The Latinx Visions: Speculative Worlds in Latinx Art, Literature, and Performance conference will be held March 9-11 at The University of New Mexico. The Latinx Visions conference is focused on developing the growing field of Chicanx and Latinx speculative fiction, art, and performance. This will be the first time that the scholars working on this topic will convene.

Approximately 70 scholars and artists will give presentations at the conference. The conference will be Thursday through Saturday, March 9-11, on the UNM campus and other local venues.
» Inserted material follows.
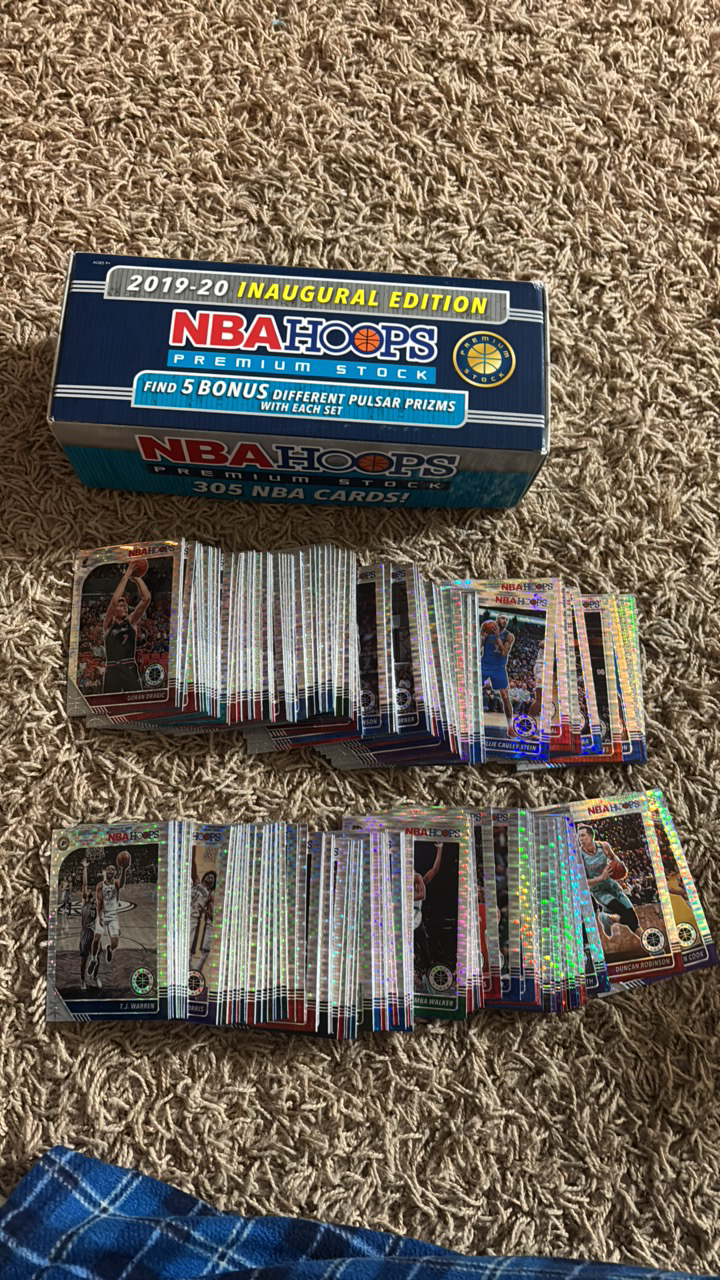 lot 208 image: 2019 Panini NBA Hoops Premium Stock Basketball Cards, Partial Set, Some Cards Missing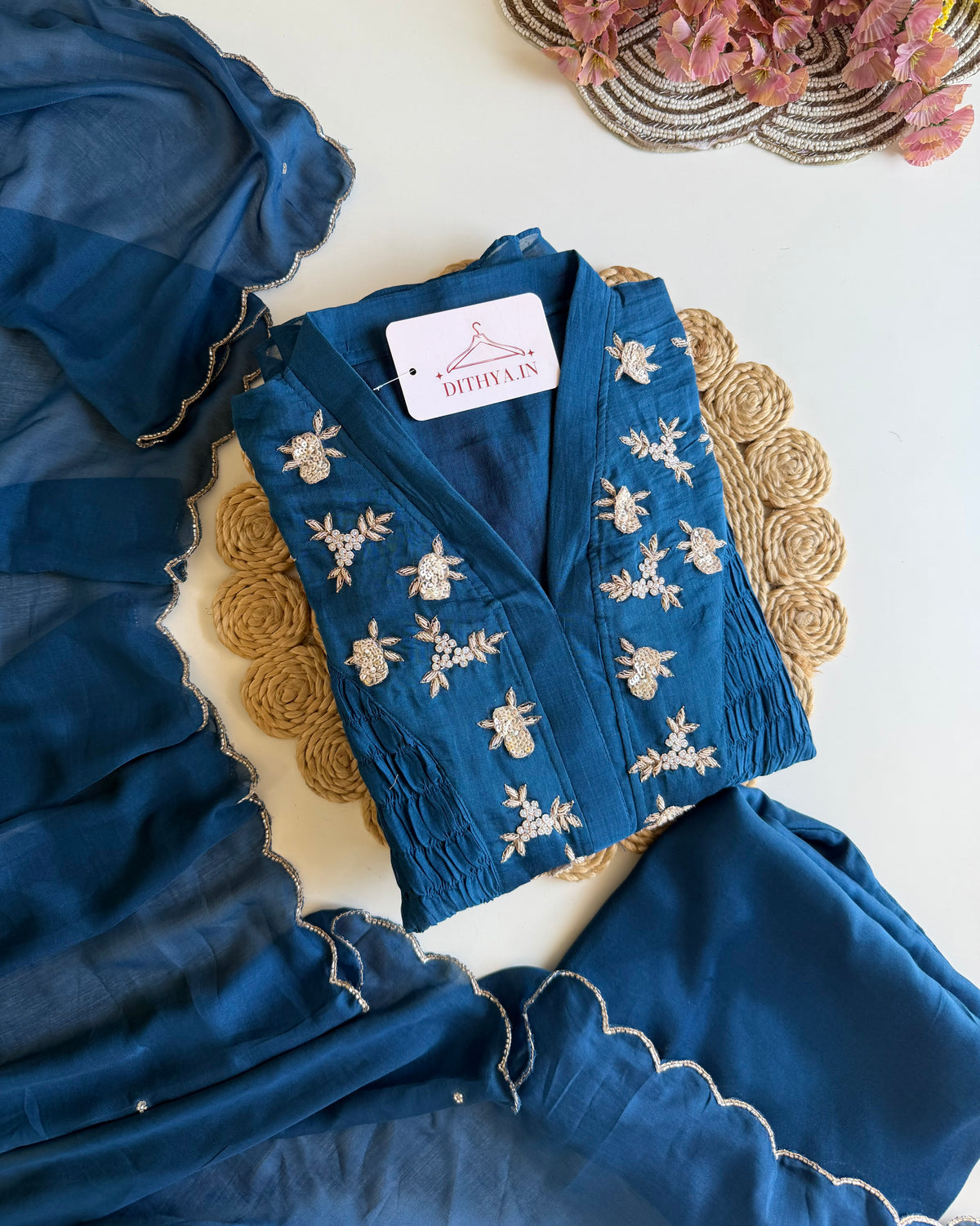 K517 - Mul chanderi handwork Anarkali with pants and dupatta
Click here for a full schedule of presentations and events. The conference is free and open to the public, both virtual and in person. For conference details and to register, visit the conference website

The Latinx Visions: Speculative Worlds in Latinx Art, Literature, and Performance

  • Thursday-Saturday, March 9-11 · UNM campus and other local venues
  • ​Free and open to the public

Latinx Visions: Speculative Worlds in Latinx Art, Literature, and Performance kicks off at the Student Union Building on the UNM campus Thursday, March 9, starting with registration 8:30-9:30 a.m. in Ballroom C.

Lysa Rivera, associate professor and director of Graduate Studies at Western Washington University, will give the keynote presentation starting at 4 p.m., speaking on the topic of Latinx Speculative Fiction and the Decolonial Imaginary.

Assistant professor Matthew David Goodwin of the Department of Chicana/o Studies, Santiago Vaquera Vásquez of the Department of Spanish and Portuguese, and Cathryn Merla-Watson from the University of Texas-Rio Grande Valley are coordinating the event.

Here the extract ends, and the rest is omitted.